The big advantage bulbs have over LEDs is that LEDs light, even the most diffuse LEDs, are pretty focused, from a very narrow spotlight that you have to be looking directly down at to see, to a wider spotlight like a flashlight. If you want a wide glow, if you want to light up a large area pretty evenly, a bulb is better suited, or aiming a LED at a convex reflective surface. 
One HUGE advantage of wiring your own circuits is that sooner or later, everything fails. The more complex the lighting system, the higher the odds are that some part of it will croak, possibly snuffing the whole thing. If you put your lighting system together yourself, you know how it works. You know how to fix it. You can break it down into separate simple units (steady running lights, flashing navigational lights, warm cabin lights, pulsing weapons systems). 
You also get to choose the color and intensity of the lights you want. Beatlepaul on another thread mentioned "scale lighting" and that's so important. All modelers know that color changes with scale. The intensity of light decreases with distance, and also with scale. So many models are lit so brightly inside that they could cast shadows. If there was a 1/128 person in there, the light would be more intense than an x-ray. Do it yourself and you can choose the scale effect that seems perfect to you.


----------



## gareee (Jan 1, 1970)

So a question.. how come christmas led strings don't have resistors, or transformers?

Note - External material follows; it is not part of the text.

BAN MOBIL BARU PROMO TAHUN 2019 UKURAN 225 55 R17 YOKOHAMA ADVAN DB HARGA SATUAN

My plan was to use a led christmas string, eliminate (or shield off with aluminum foil) lights I didn't need, and then add two smaller Led lights for the tail fins, or run fiber optics from two in the back.

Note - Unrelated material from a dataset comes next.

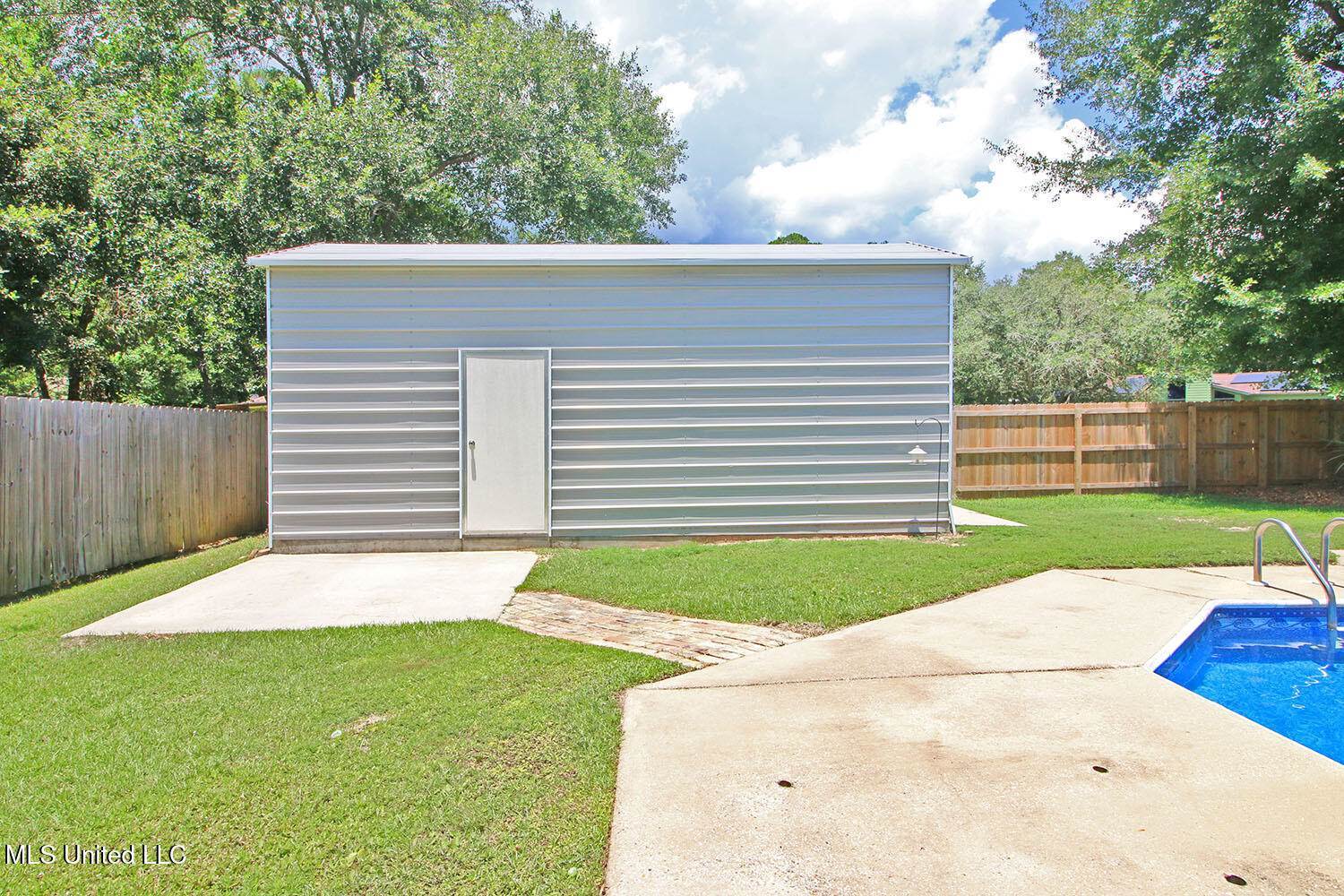 3249 Nottingham Road, Ocean Springs, MS 39564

Since I've got every little led electrical experience, does this sound like a worthwhile plan, or will I run into issues with smaller led lights added to the string?

I'd already cut all the "snowflake" plastic bits off the light string, and was considering maybe using a few in a custom base as outer "spotlights" on the outside of the ship.

Someone else provided em with what he used as well in case this plan has "fail" written all over it.


----------



## Lou Dalmaso (Jul 13, 2004)

Gareee,
I'm no expert on the christmas lights, but I think it has something to do with the juice being spread out over the entire line of lights. if you cut the line in half and plug it in, you'll probably blow the remaining lights. and there might be tiny resistors "inline" if you will, that you just don't see. 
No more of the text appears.